No estudo das figuras de linguagem, professores e professoras sempre tendem a abordar aquelas mais consagradas, tais quais as metáforas, as metonímias e as prosopopeias. Entretanto, à força de defini-las como mais didatismo e não raro mais simplicidade, corre-se o risco de se eliminarem nuances próprias dessas figuras de estilo, o que gera ou um entendimento raso ou mesmo uma compreensão equivocada.
Um conceito que sofre constantemente esse problema é a ironia, isso porque ela é descrita e explicada em sua acepção unicamente verbal: figura que consiste em se dizer o contrário do que se pensa.
Entretanto, como associar esse sentido a situações mais plurais da vida? Por exemplo, quando se diz que Machado de Assis (1839-1908) é irônico, não nos pareceria simplista acreditar que a força da narrativa do autor reside somente em se dizer algo contrário ao que se pensa? Outro exemplo, quando, em nosso cotidiano, vemos uma determinada cena ou acontecimento corriqueiro e comentamos: «que situação irônica!», será que ocorreu algo contrário ao que se pretende dizer?
Em realidade, o que não se pode perder de vista é que, além da ironia verbal, existem outros tipos: a situação irônica e a ironia dramática. Vamos falar um pouco delas.
Na situação irônica, há um descompasso entre o que acontece e o que se espera acontecer. Por exemplo, estamos na sexta-feira prometendo que vamos descansar todo o final de semana e um amigo nos chama para ajudar com a pintura de sua casa, isso é uma situação irônica; no lugar do descanso recebemos mais trabalho!

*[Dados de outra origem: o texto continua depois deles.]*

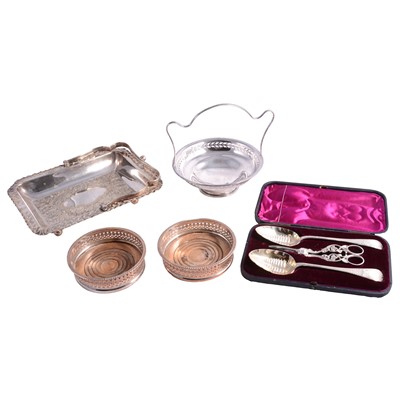 Lot 122A - Two boxes of assorted silverplate and electroplated wares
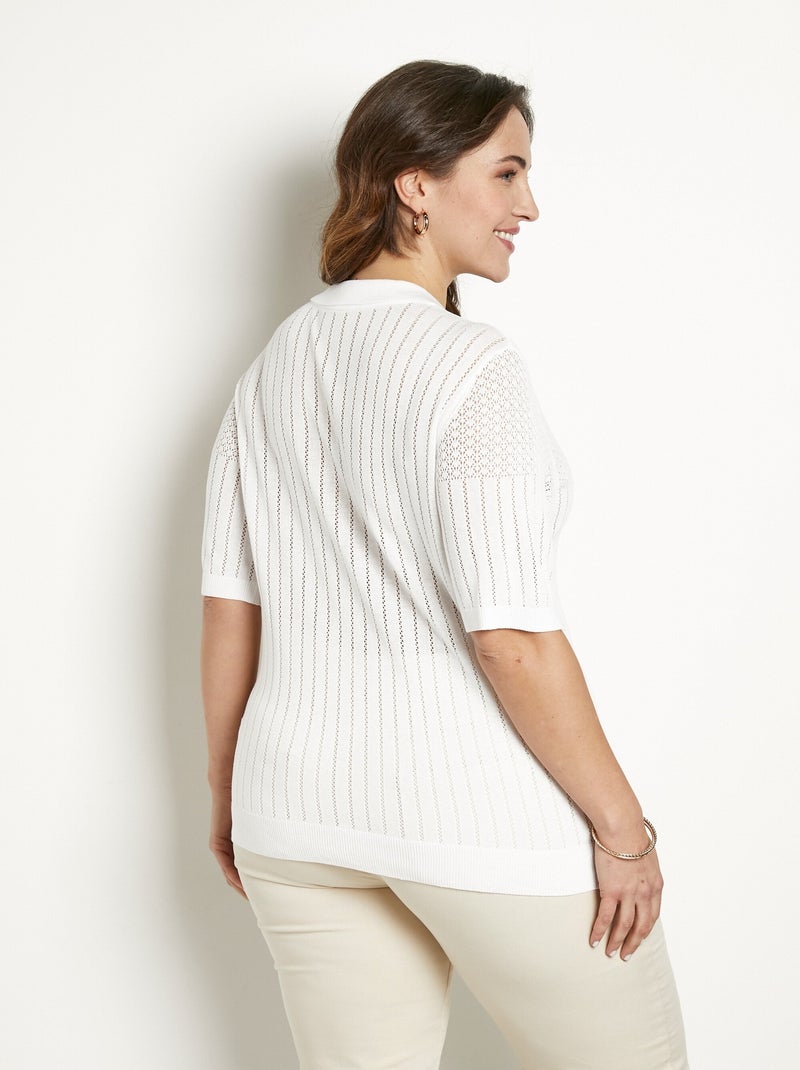 Suéter fino calado de cuello polo y manga corta - Afibel Blanco - Kiabi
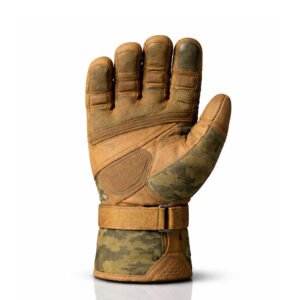 Heavy Duty Tactical Combat Gloves front view with reinforced palm construction, abrasion-resistant synthetic leather, tactical camouflage panels, and adjustable wrist closure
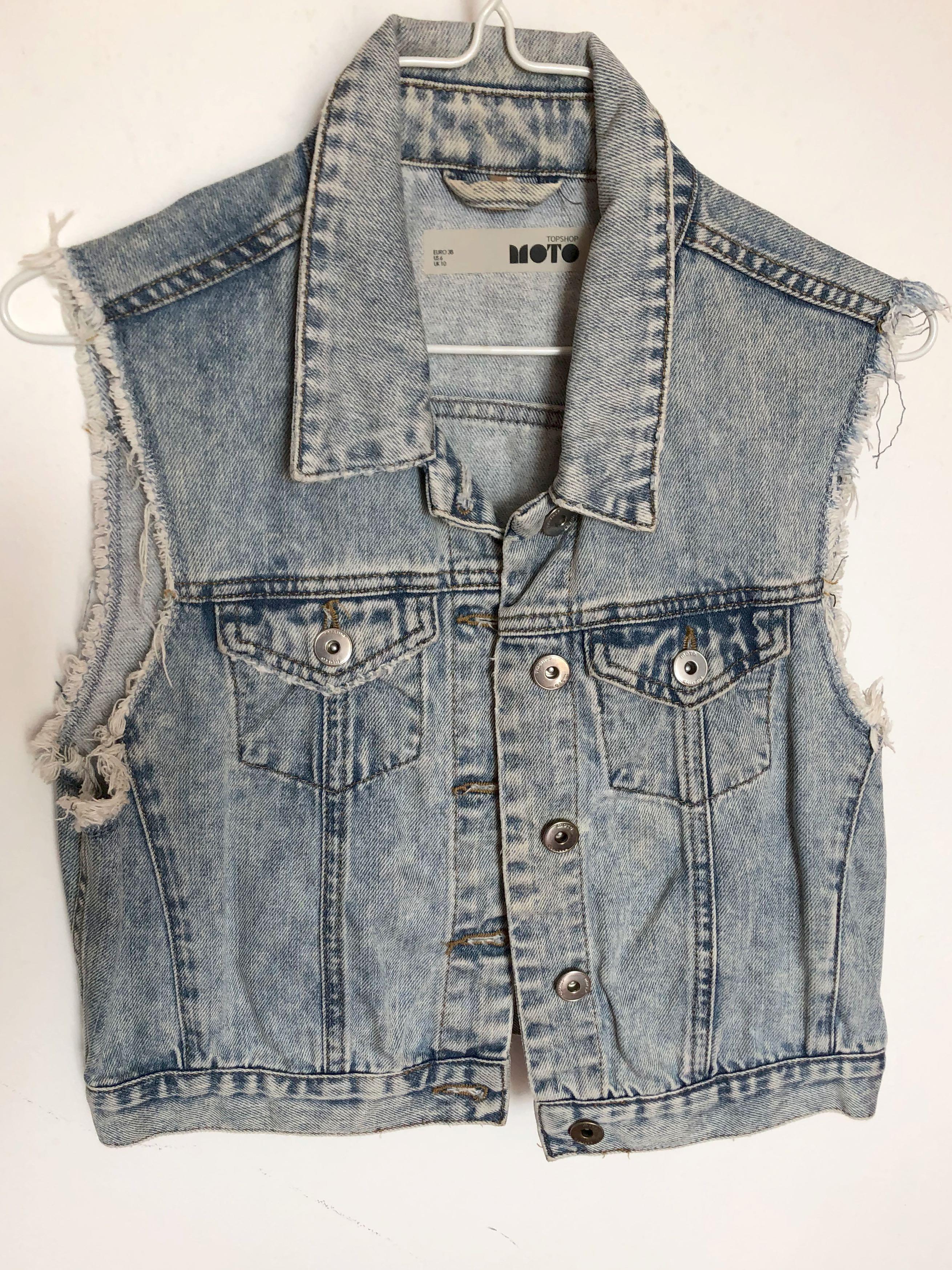 Cropped sleeveless denim jacket clearance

O segundo tipo de ironia é o da ironia dramática, própria da literatura e do teatro. Neste caso, o público tem mais conhecimento do que personagens de algo que está ocorrendo. É aqui que está, por exemplo, a escrita de Machado de Assis. No início de seu Memórias Póstumas de Brás Cubas, o narrador Brás Cubas comenta que, durante o seu enterro, um homem começa a discursar em favor da memória do finado: «Vós, que o conhecestes, meus senhores, vós podeis dizer comigo que a natureza parece estar chorando a perda irreparável de um dos mais belos caracteres que têm honrado a humanidade (...).» Neste momento, entra o narrador machadiano com a sua ironia cortante: «Bom e fiel amigo! Não, não me arrependo das vinte apólices que lhe deixei.» A ironia revela o que os outros personagens não sabem: que aquele sentimento aparentemente genuíno só existe fruto de uma compensação financeira.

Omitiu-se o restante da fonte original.